$6.4 million supports studies of cardiac muscle function in heart failure
Two NIH grants fund research into troponin, a key protein involved in heart muscle contractions
Sara Moser/WashU MedicineWashU Medicine researchers have received two grants from the NIH to study the roles of troponin — a critical protein in the heart — in various forms of heart failure.
Michael J. Greenberg, PhD, an associate professor of biochemistry and molecular biophysics at Washington University School of Medicine in St. Louis, has received two grants totaling almost $6.4 million to investigate the complex roles of troponin — a critical protein in the heart — in various forms of heart failure. In particular, Greenberg’s research will focus on heart failure caused by genetic variations that lead to changes in troponin’s structure.
Both grants are from the National Heart, Lung, and Blood Institute of the National Institutes of Health (NIH).
“Right now, patients with any form of heart failure receive similar treatments no matter what’s causing it, but these common therapies don’t necessarily help everyone,” Greenberg said. “The goal of the two grants is to help build a framework for precision medicine in treating genetic forms of heart failure, many of which affect the function of troponin. We want to develop targeted treatments that address specific problems with this important protein — similar to the way today’s cancer patients can receive a drug that targets a specific mutation in their tumor.”
Heart failure is a complex condition in which the heart muscle loses its ability to pump sufficient blood to the body. It can have many different causes, from heart muscle damage following a heart attack to viral infection to inherited genetic causes stemming from a wide variety of mutations that scientists are continuing to identify. Studies estimate that perhaps one in 500 individuals have one of these mutations, and it could be as common as one in 250 people, according to Greenberg.
“Only in recent years do we have the technical tools in place to figure out which mutations are causing the heart muscle problems and how they are causing them,” Greenberg said.
Two angles on troponin
With the grants, Greenberg’s team will explore the effects of troponin mutations from two angles. One grant is focused on developing a detailed understanding of the effects of 30 key troponin mutations that are known to cause genetic forms of heart failure. Greenberg and his colleagues have developed multiple model systems including engineered tissues to study these mutations. They will seek to categorize the mutations into distinct groups based on common pathways they affect. They will then analyze whether they can use various drug compounds to reverse the problems in the pathways. Different drugs may be needed for each distinct group, a first step toward developing targeted treatments for inherited forms of heart failure.

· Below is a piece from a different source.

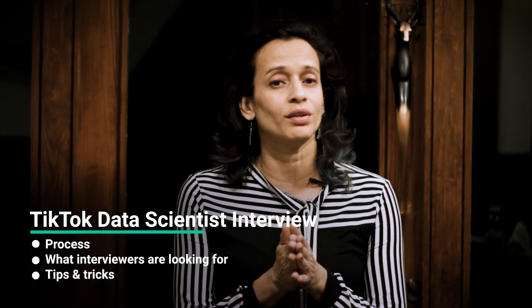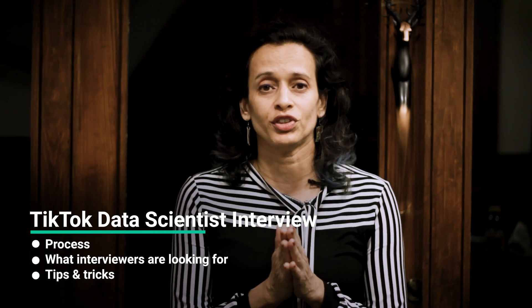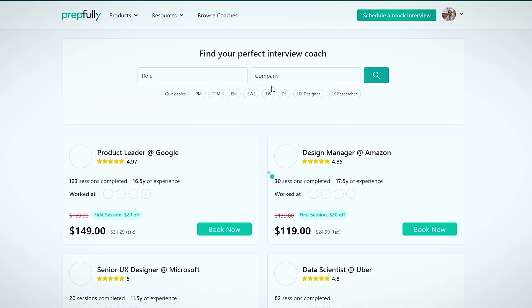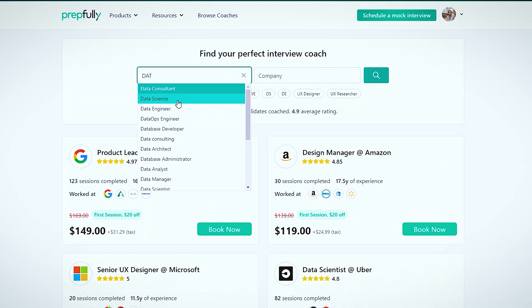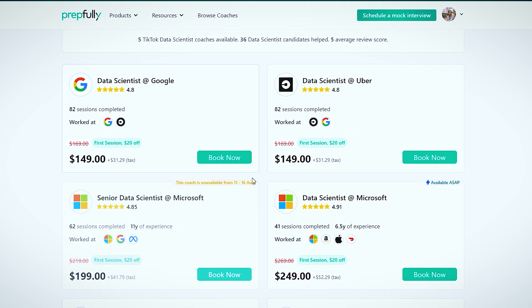Hi everyone, I'm Mitali and I'm going to be talking about the TikTok data scientist interview process. At the end of this video, you should have a good understanding of the process itself, what interviewers look at, and a bunch of tips for each round. I'm from Prepfully. This video has been put together by TikTok data scientists who are also interview coaches on Prepfully. They've coached hundreds of candidates through the process and can be booked directly on the website if you need more personalized guidance.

Greenberg’s team has been working to develop small molecule compounds that improve contraction forces in heart muscle cells and tissues. The grant will support further studies of these compounds to determine exactly how they improve heart muscle contraction and whether they could form the basis of a new class of therapies for some types of heart failure. Collaborators on this grant include WashU Medicine investigators Kory Lavine, MD, PhD, a professor of medicine in the Cardiovascular Division; Benjamin Garcia, PhD, the Raymond H. Wittcoff Distinguished Professor and head of the Department of Biochemistry and Molecular Biophysics; and Rui Zhang, PhD, an associate professor of biochemistry and molecular biophysics.

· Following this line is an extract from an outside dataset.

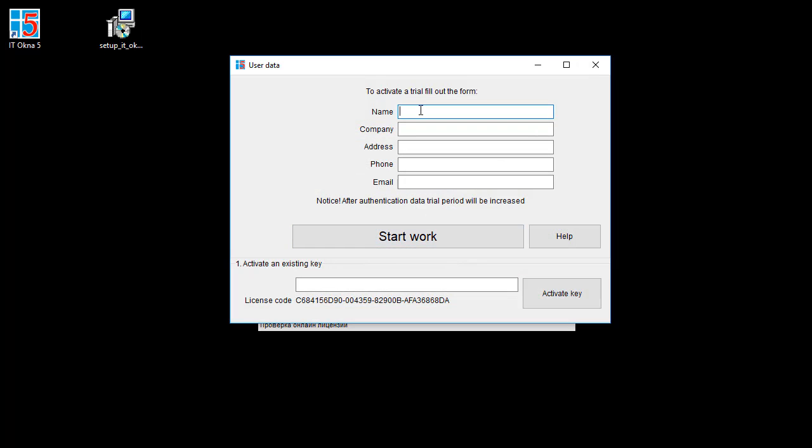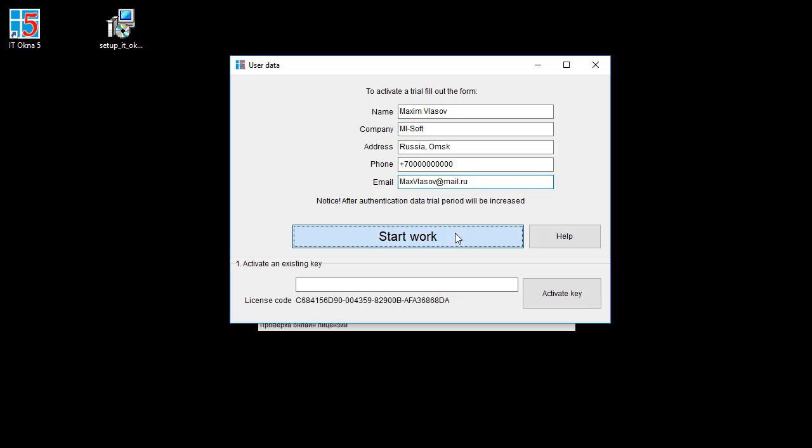Enter name, company, address, phone number, email, and click Start.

The second grant will focus on understanding mutations in troponin called variants of unknown significance, which may or may not affect the structure and function of the protein.
Troponin is a large and complex molecule, and significant portions of it are what are known as “intrinsically disordered regions,” or sections of the protein that don’t have a fixed shape and often harbor variants of unknown significance. Disordered regions of troponin are difficult to study but are likely “hot spots” of disease-causing mutations, according to Greenberg. On this grant, Greenberg is working closely with WashU Medicine co-principal investigators Alex S. Holehouse, PhD, and Andrea Soranno, PhD, both associate professors of biochemistry and molecular biophysics.
“The Holehouse and Soranno labs are leaders in the field of intrinsically disordered proteins, and we have teamed up with them to apply tools they have developed to help us analyze these regions of troponin that have been particularly hard to study,” Greenberg said. “These rigorous tools will help us understand how mutations in these regions may lead to changes in function of the protein.”
Greenberg added that the grants exemplify the type of cross-disciplinary collaboration that WashU Medicine is “absolutely fantastic” at fostering, an attribute that distinguishes it from peer institutions and can lead to breakthroughs for patients that might not otherwise have been made.
“We’re working with other basic scientists as well as clinical cardiology colleagues who treat patients and conduct lab research,” Greenberg said. “My own research has gone in some entirely new directions because of these collaborations. We’re hopeful that the research and collaborations supported by these grants will lead to new understandings of heart failure and better therapies for patients.”